Excerpts from a dataset:
-- Opening Marker --
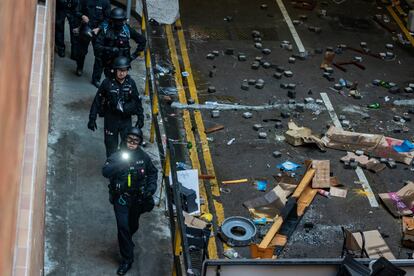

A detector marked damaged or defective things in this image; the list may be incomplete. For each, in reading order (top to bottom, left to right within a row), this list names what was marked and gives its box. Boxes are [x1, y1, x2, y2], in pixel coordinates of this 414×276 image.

damaged road surface [150, 0, 414, 268]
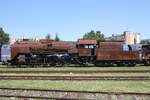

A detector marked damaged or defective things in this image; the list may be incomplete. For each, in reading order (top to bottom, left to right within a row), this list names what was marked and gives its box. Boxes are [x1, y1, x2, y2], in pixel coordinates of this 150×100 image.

rusty steam locomotive [2, 38, 150, 66]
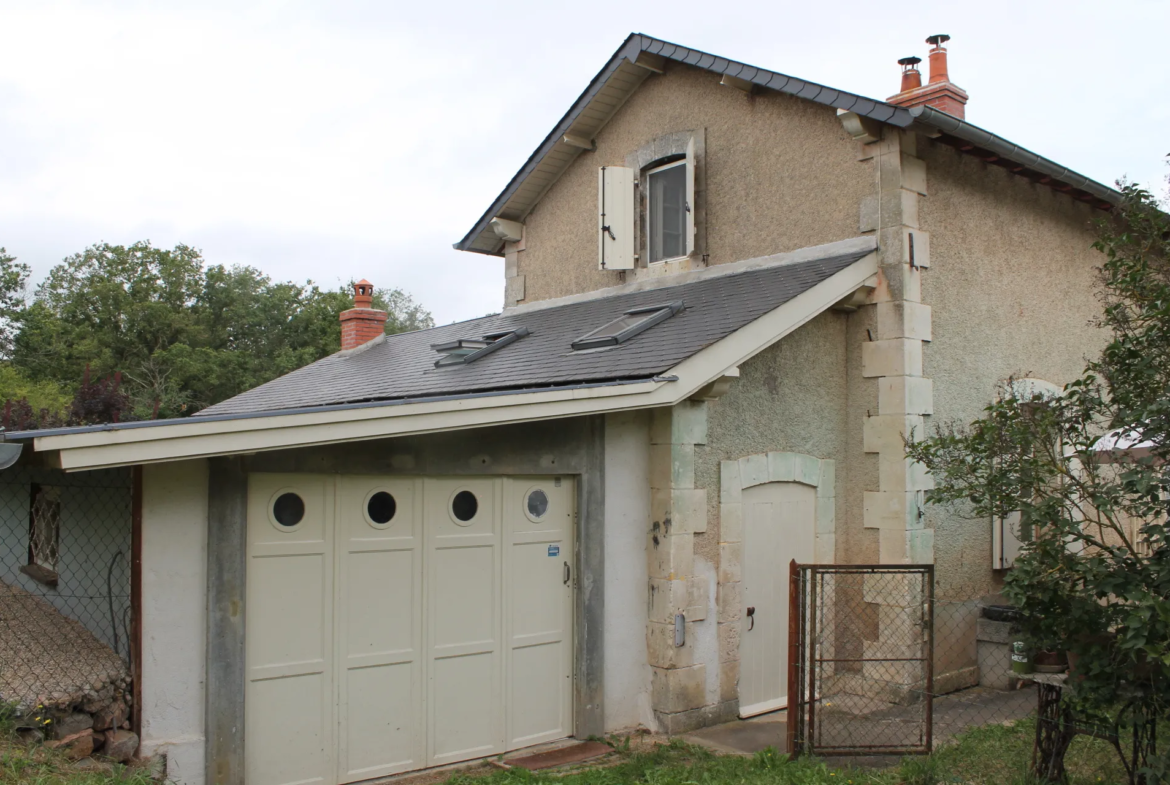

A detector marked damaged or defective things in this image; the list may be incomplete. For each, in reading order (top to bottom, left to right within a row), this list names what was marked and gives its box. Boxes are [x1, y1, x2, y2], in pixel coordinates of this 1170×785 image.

rusty metal gate [781, 561, 935, 758]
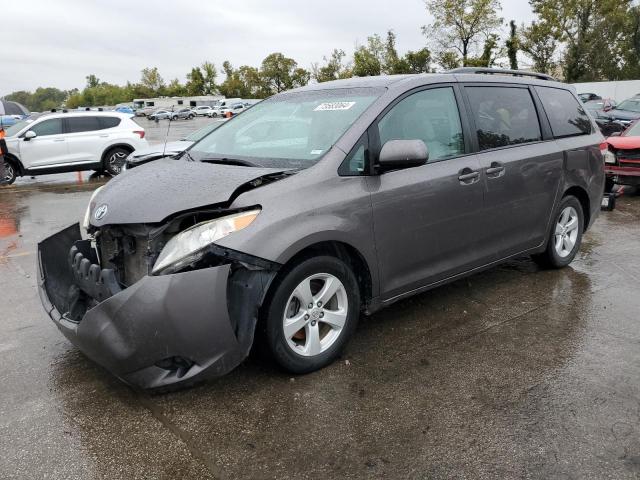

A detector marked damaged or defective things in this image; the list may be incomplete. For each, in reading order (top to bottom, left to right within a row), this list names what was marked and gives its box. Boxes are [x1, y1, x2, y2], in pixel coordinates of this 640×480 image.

damaged hood [89, 158, 282, 225]
red damaged car [600, 120, 640, 193]
broken headlight [152, 209, 260, 276]
damaged toyota sienna [36, 68, 604, 390]
crumpled front bumper [38, 225, 276, 390]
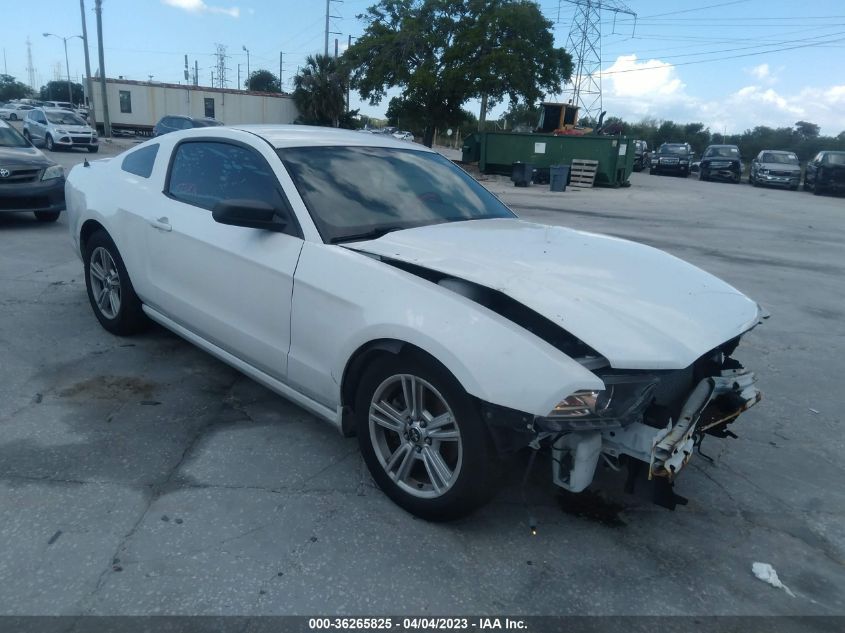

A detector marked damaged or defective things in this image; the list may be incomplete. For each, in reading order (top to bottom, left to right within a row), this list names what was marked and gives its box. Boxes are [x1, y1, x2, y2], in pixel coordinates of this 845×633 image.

wrecked white mustang [66, 126, 764, 520]
crumpled hood [342, 217, 760, 368]
damaged front bumper [544, 360, 760, 498]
-- Closing Marker --
WHAT TO PRODUCE: Return exactly the line containing "this 1170×785 image." and every line after it, up to and including the final line of the entries above. Pictures stay out.

OUTPUT:
A detector marked damaged or defective things in this image; the list may be incomplete. For each, in reading order (top to bottom, left to right within a row), this list names what was marked and gives its box. Boxes are [x1, y1, x2, y2], in pixel coordinates of this 1170×785 image.

rusty metal gate [781, 561, 935, 758]

A detector marked damaged or defective things in this image; the list may be incomplete. For each, in reading order (top to bottom, left to right within a row), this list names what was marked and gives its box. Boxes are [x1, y1, x2, y2], in pixel coordinates of this 640×480 image.

damaged hood [89, 158, 282, 225]
red damaged car [600, 120, 640, 193]
broken headlight [152, 209, 260, 276]
damaged toyota sienna [36, 68, 604, 390]
crumpled front bumper [38, 225, 276, 390]

A detector marked damaged or defective things in this image; the list may be incomplete. For each, in reading order (top to bottom, left to right within a row), this list names what was marked and gives its box. Boxes are [x1, y1, x2, y2], in pixel coordinates of this 845×633 image.

wrecked white mustang [66, 126, 764, 520]
crumpled hood [342, 217, 760, 368]
damaged front bumper [544, 360, 760, 498]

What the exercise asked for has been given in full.